Aussie (AUD):  Not much happening down under from a news perspective; however it is interesting to note that even though the Aussie is paying the highest interest of the currencies I cover here, it is now sliding down the risk ladder and becoming “less risky”.

Kiwi (NZD):  The Kiwi is mixed this morning as mild risk aversion is battling a report that shows that economists have raised their GDP forecast for New Zealand.  Tomorrow New Zealand is going to report its current account balance, which could show that the economy is picking up steam.

Loonie (CAD):  The Loonie is slightly higher this morning in a case of “less bad is good”.  With virtually no news on tap for this week, expect the Loonie to move back and forth based on risk themes and bad news from other currencies.  The economy in Canada seems to be chugging along and investors are betting that Canada will be the next country to move on rate hikes.

Euro (EUR):  Were it not for the Pound, the Euro would be down across the board.   The general consensus is that there will not be agreement over aid to Greece at this week’s summit, stoking further fears of structural Euro weakness.  And while Greece will be able to get the funding to meet its debt obligations, the question will be at what cost and whether or not it is feasible.

Pound (GBP):  To stimulate or not to stimulate, that is the question.  The UK is in a precarious position as CPI figures show that prices are declining slightly, raising fears that deflation and not inflation may be the more insidious problem.  On Thursday, retail sales figures are due which will show the strength and resolve (or lack thereof) of the British people.  Should these figures disappoint, then we could see further Pound weakness in addition to it being down across the board today.  At this moment, it is still above 1.50 vs.

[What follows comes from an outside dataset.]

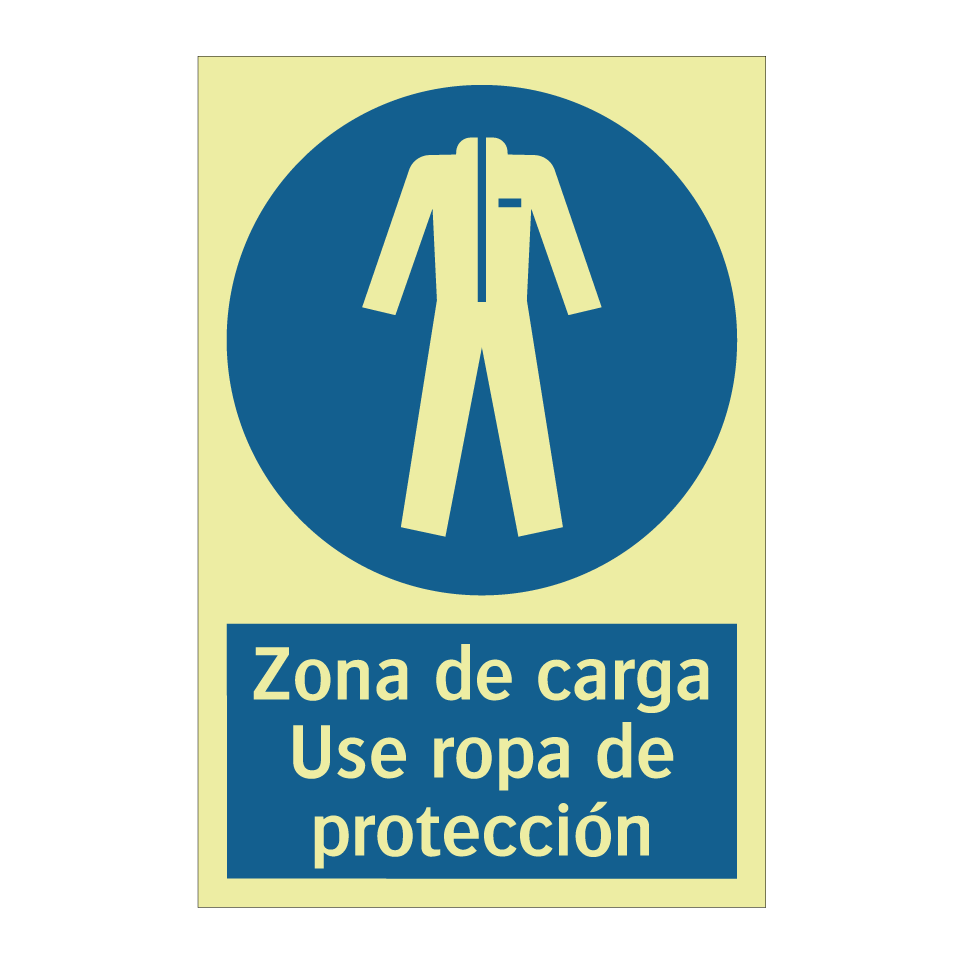 Zona de carga Use ropa de protección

USD.  So if economic activity does not pick up in the UK, then further stimulus may be needed which would add to the already-exploding UK debt which would be Pound negative.

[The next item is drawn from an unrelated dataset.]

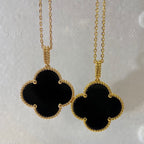 18K Celestial Magic Alhambra One Motifs Black Clover Necklace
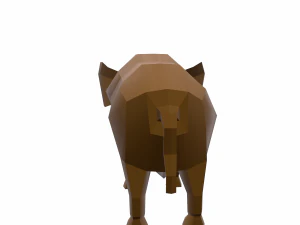 elephant cartoon 3D Model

Dollar (USD):   The Dollar is stronger this morning primarily on Euro weakness.  US housing numbers are coming out later this morning and are not expected to show much improvement.  This should give the Fed one more reason to maintain ZIRP for some time.  So even though rates are highly unlikely to move in the US for the foreseeable future, the Dollar should continue to benefit from the flight to safety trade.

Yen (JPY):   The Yen is lower this morning as carry trades are in effect despite the risk fears in the marketplace.  With no sign to the end of deflation in sight, BOJ members are still divided on their views of the economy.  In the meantime, Japanese households are sending money overseas in search of yields at the fastest pace since 2007, before the credit crisis.  The US dollar looks poised to strengthen vs. Yen, perhaps to the tune of 10%.

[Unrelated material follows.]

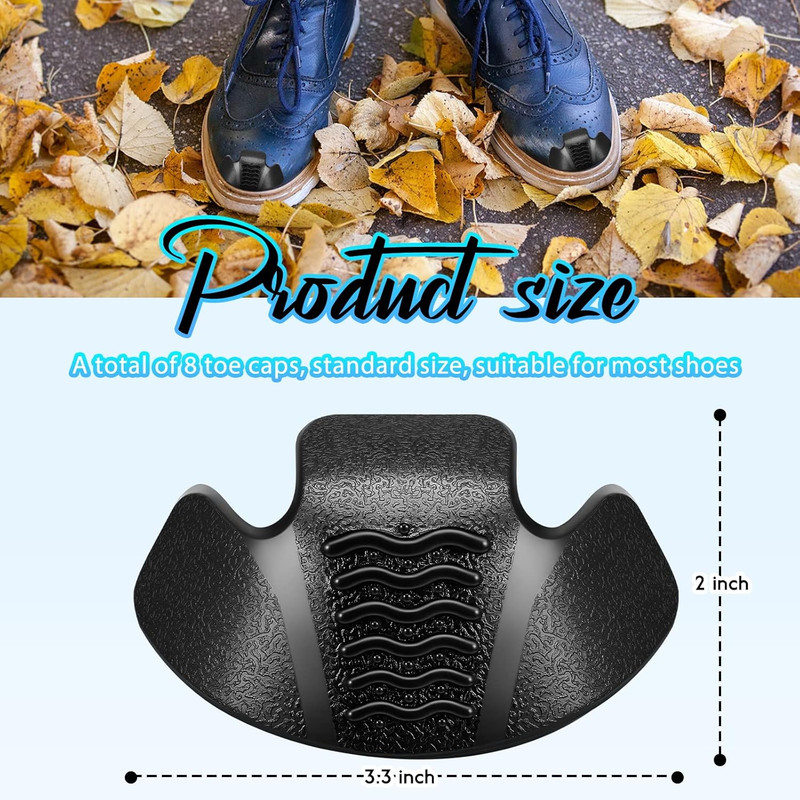8 Pcs Boot Toe Protectors Work Boot Guards Shoe Toe Cap Work Shoe Cover Accessor gallery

As I have mentioned before, one does not need to be the most beautiful to win a beauty contest.  Being the least ugly can also win you first prize!  And that’s the beauty of the currency market—that it’s a comparison market where sometimes the least ugly can win.

So while economic outlooks across the globe can vary and can seem suspect from time to time, remember that in the New Economy less bad is good!